The UN’s International Maritime Organization last year cut limits on sulfur in marine fuels to 0.5 percent from 3.5 percent, starting in 2020. The target: So-called bunker fuel, a cheap, tar-like oil residue used by most ships. Now ports in Vancouver, Los Angeles and Tacoma are all studying whether they can profit from supplying liquefied natural gas, which emits virtually no sulfur, as a cleaner alternative fuel that’s almost as cheap.

While the use of more expensive fuel oil or bolt-on scrubbers can help existing ships slip under the limit, LNG is the fuel of the future for new vessels, according to Norway-based DNV GL, which certifies ships for safety.

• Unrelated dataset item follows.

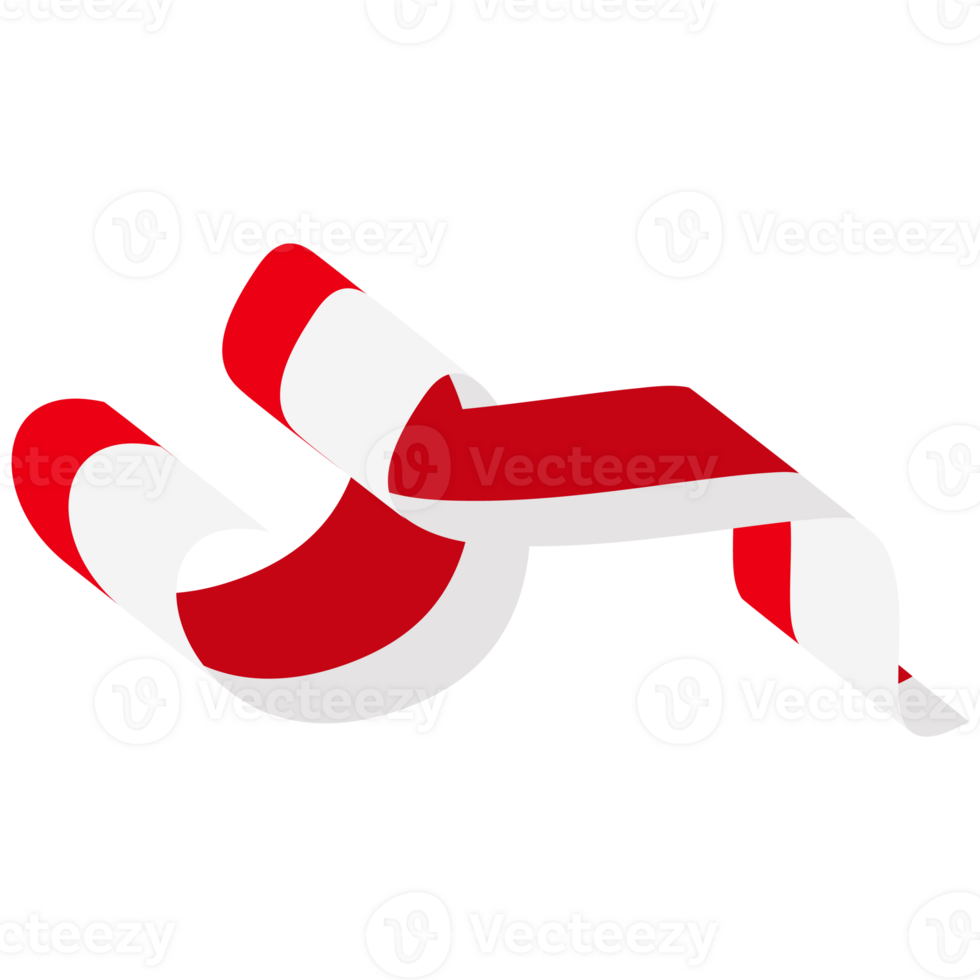The red and white flag folded and fluttered like a ribbon png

Exxon Mobil Corp.’s 2016 energy outlook sees use of LNG growing to 10 percent of marine fuels by 2040 from 1 percent in 2016.

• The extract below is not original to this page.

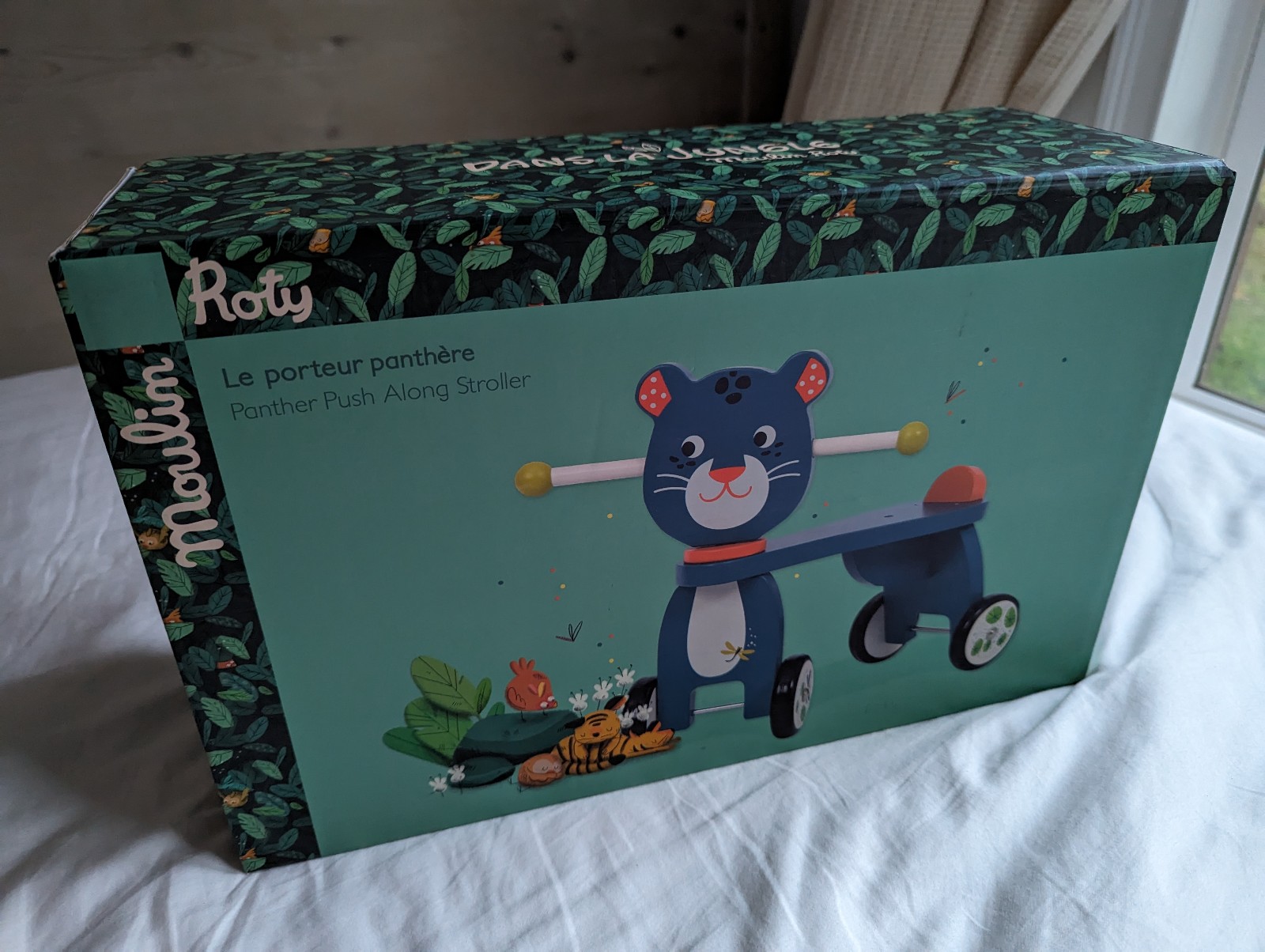 New Moulin Roty Dans La Jungle Panther Ride-On/Push Along Stroller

“It’s something that we want to be at the leading edge of,” said Robin Silvester, chief executive officer of Vancouver’s port authority, which is set to issue a study shortly on the potential market. “That will be the next way that marine emissions can be significantly reduced.”

High concentration of sulfur contributes to so-called acid rain, haze and air particulate pollution that can penetrate deep into human lungs and pass into the bloodstream.

About 97 ships worldwide are now powered by LNG with an additional 91 on order, according to DNV GL. By 2020, the number may rise to around 250, excluding LNG carriers and inland waterway vessels, DNV reports.